Police fired tear gas and protestors threw petrol bombs as violence broke out in Athens following a demonstration against police brutality on Tuesday night, forcing Greek PM Kyriakos Mitsotakis to take to television to call for calm.
“Blind rage does not lead anywhere… At this point everyone must display restraint and calm,” said Mitsotakis following the news that police had only managed to arrest 10 demonstrators despite 3 officers being injured, one seriously after being dragged off a motorcycle and beaten by the crowd.

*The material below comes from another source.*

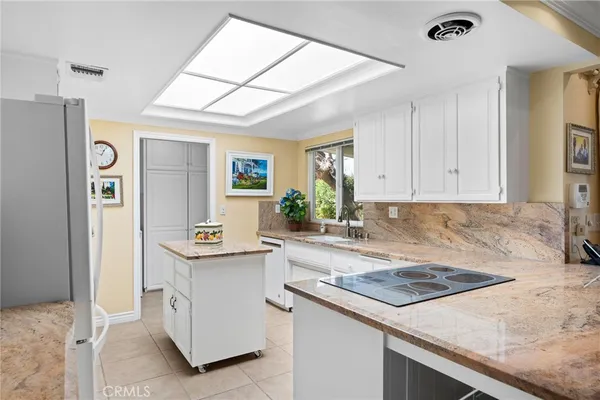 $974,900 | 1600 Helena Lane, Redlands, CA 92373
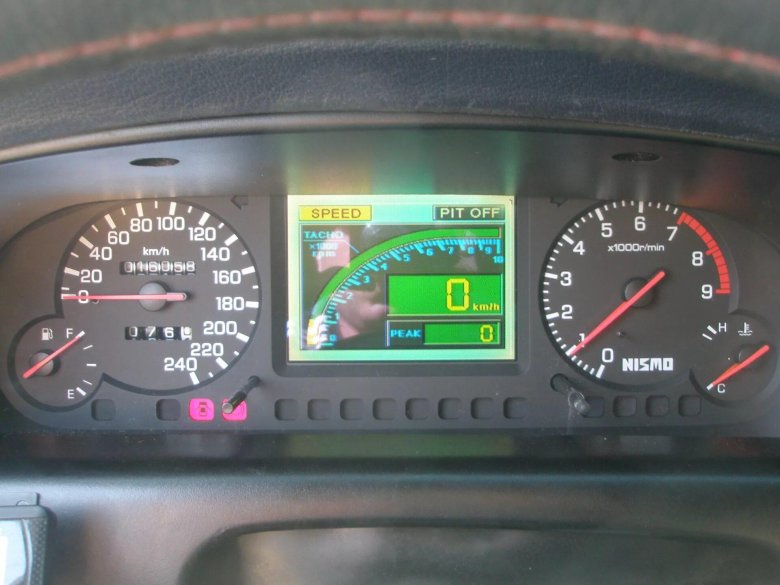 Skyline r33 приборная панель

Tuesday’s violence followed a 5000 strong demonstration in the wake of a video surfacing online showing a police officer beating a student on Sunday. The man had been sitting on a bench when police approached him to confront him about allegedly breaking Greece’s strict coronavirus restrictions. “He pushed me and then the other officers kicked me all over my body,” the student told Efsyn newspaper, explaining he had been attempting to negotiate with the squad who had been handing out €300 fines. In a rare step, an accused officer was relieved of his duties pending an internal investigation.
Greece has been under strict lockdown conditions including the banning of protests since last November, and Tuesday also saw its largest daily surge in infection rate meaning this is likely to continue for some time.
“The country has a government that has totally lost control of the pandemic, and the only thing it knows how to do… is use a heavy hand,” said Syriza’s leader and former prime minister, Alexis Tsipras. The ruling New Democracy party came to power in July 2019, after promising a crackdown and tough policies to restore law and order, after blaming Syriza for “allowing lawlessness to flourish.”
The atmosphere has been tense for weeks as demonstrators have repeatedly openly defied the ban — Greek students and their allies were out in force protesting their government’s plans to introduce permanent police units to their campuses. “Rage is building,” said Panagotis Katis, 20, a student at the University of the Peloponnese, “It’s not just the campus police — which goes against every notion of universities being places that ensure freedom of expression — people are also incensed that their basic rights are being attacked by police who should be protecting us, not abusing the law, and that’s why so many are out here today.”
In addition to this, large demonstrations continue in solidarity with Dimitris Koufondinas, a member of the revolutionary Marxist-Leninist group “17 November” (17N), who has been on hunger strike for the past two months in response to harsh changes in his prison sentence, treatment and conditions. Koufondinas’s supporters were also among those who took to the streets of Athens on Wednesday. “We’re all here, including his son over there,” said one protester, pointing to a young man wearing a red bandana on his face. “Koufondinas wanted us on the streets. It’s getting explosive. There’s a lot of anger in the air.”